#### Directions:
Retype the listing exactly. Leave out the images.

#### Dataset excerpt:
# # # #
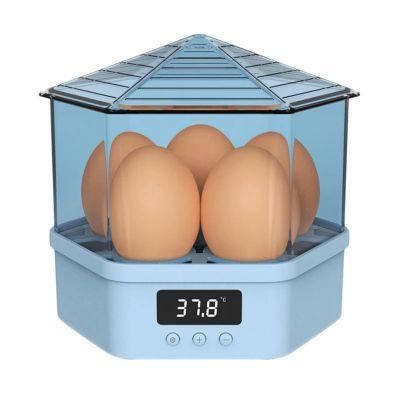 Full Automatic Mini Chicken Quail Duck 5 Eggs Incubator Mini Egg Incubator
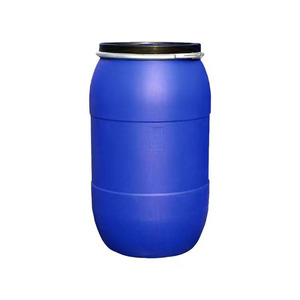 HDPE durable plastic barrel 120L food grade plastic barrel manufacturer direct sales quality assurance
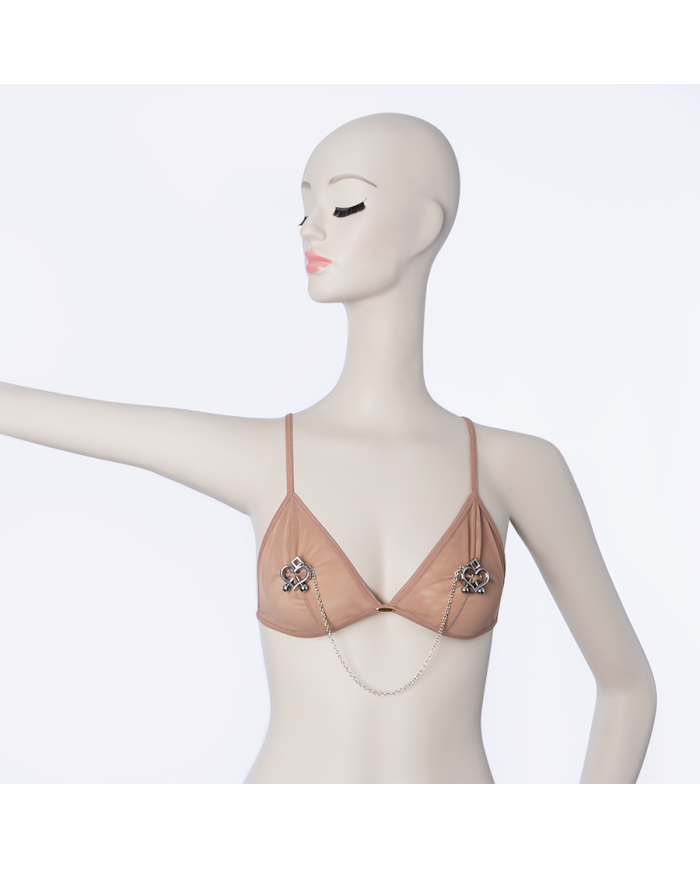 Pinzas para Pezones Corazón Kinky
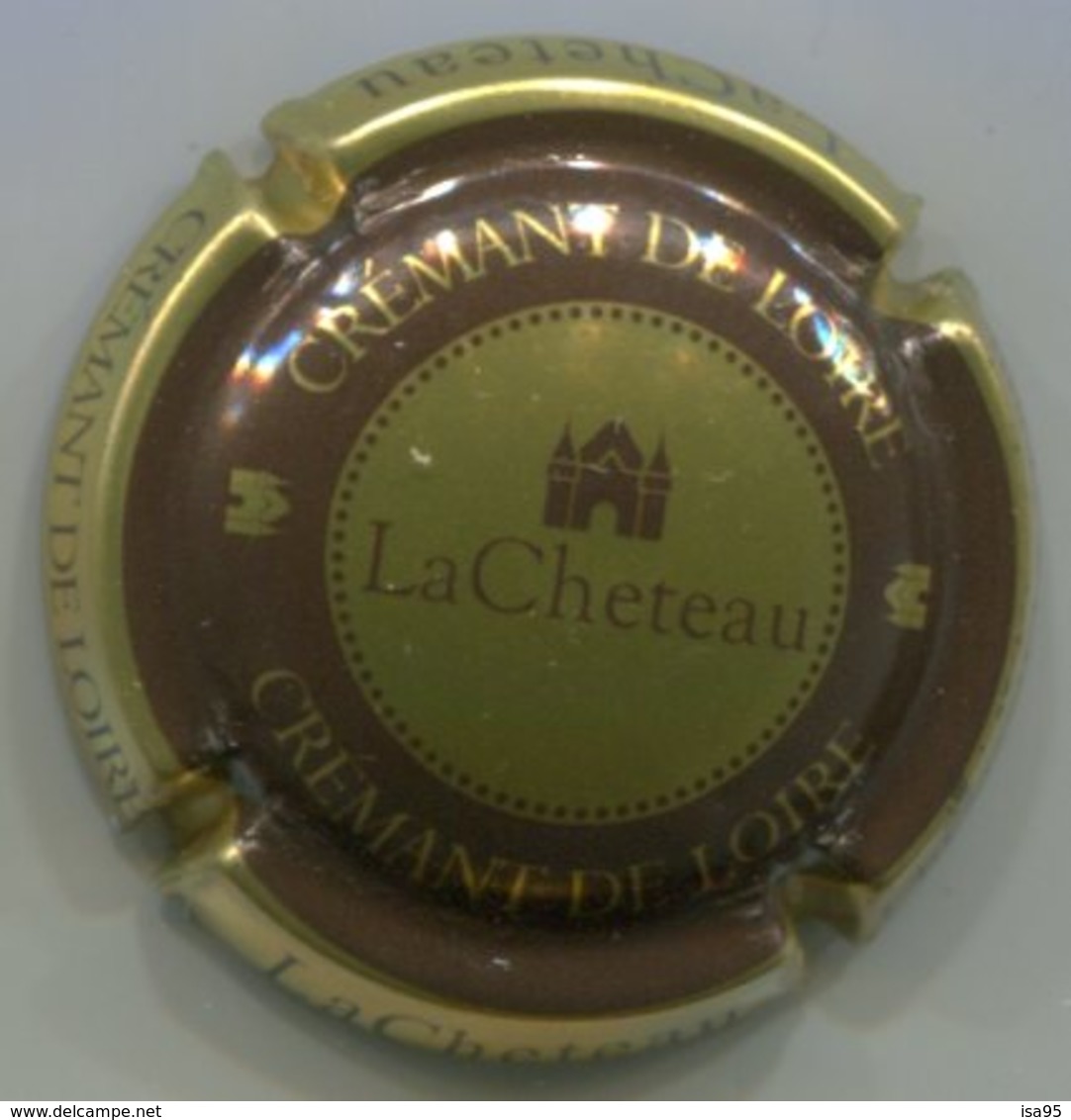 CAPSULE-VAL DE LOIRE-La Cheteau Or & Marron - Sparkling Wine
# # # #
#### Result:
 Full Automatic Mini Chicken Quail Duck 5 Eggs Incubator Mini Egg Incubator
 HDPE durable plastic barrel 120L food grade plastic barrel manufacturer direct sales quality assurance
 Pinzas para Pezones Corazón Kinky
 CAPSULE-VAL DE LOIRE-La Cheteau Or & Marron - Sparkling Wine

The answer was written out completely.